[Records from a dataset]
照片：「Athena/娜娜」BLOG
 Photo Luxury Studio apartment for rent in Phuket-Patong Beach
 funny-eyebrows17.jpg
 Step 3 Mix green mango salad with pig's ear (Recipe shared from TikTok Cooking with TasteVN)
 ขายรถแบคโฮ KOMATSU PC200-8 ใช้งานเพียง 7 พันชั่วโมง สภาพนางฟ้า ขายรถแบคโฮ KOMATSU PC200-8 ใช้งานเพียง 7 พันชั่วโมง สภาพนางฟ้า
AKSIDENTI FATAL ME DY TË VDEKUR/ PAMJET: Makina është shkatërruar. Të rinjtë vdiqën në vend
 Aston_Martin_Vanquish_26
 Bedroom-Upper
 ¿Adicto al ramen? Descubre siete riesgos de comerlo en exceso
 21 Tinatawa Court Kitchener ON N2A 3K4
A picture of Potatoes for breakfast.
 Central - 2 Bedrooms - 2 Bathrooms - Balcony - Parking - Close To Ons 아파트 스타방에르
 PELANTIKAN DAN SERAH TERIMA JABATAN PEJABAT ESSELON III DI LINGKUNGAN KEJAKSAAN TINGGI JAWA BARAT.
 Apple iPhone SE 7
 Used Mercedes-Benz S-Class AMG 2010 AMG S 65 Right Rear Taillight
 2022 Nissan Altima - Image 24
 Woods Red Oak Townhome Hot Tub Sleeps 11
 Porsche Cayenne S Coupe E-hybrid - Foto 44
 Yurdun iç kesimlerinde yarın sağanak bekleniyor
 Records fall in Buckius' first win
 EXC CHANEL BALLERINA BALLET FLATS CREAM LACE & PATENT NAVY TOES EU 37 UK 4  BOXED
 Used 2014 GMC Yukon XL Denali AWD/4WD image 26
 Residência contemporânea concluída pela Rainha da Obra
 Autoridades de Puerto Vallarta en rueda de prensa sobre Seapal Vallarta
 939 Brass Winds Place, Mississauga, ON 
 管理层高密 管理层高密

_WHAT TO WORK ON_
Identify the lines of the entries containing the string "Used". Copy each such line.

_EXPECTED OUTPUT_
 Used Mercedes-Benz S-Class AMG 2010 AMG S 65 Right Rear Taillight
 Used 2014 GMC Yukon XL Denali AWD/4WD image 26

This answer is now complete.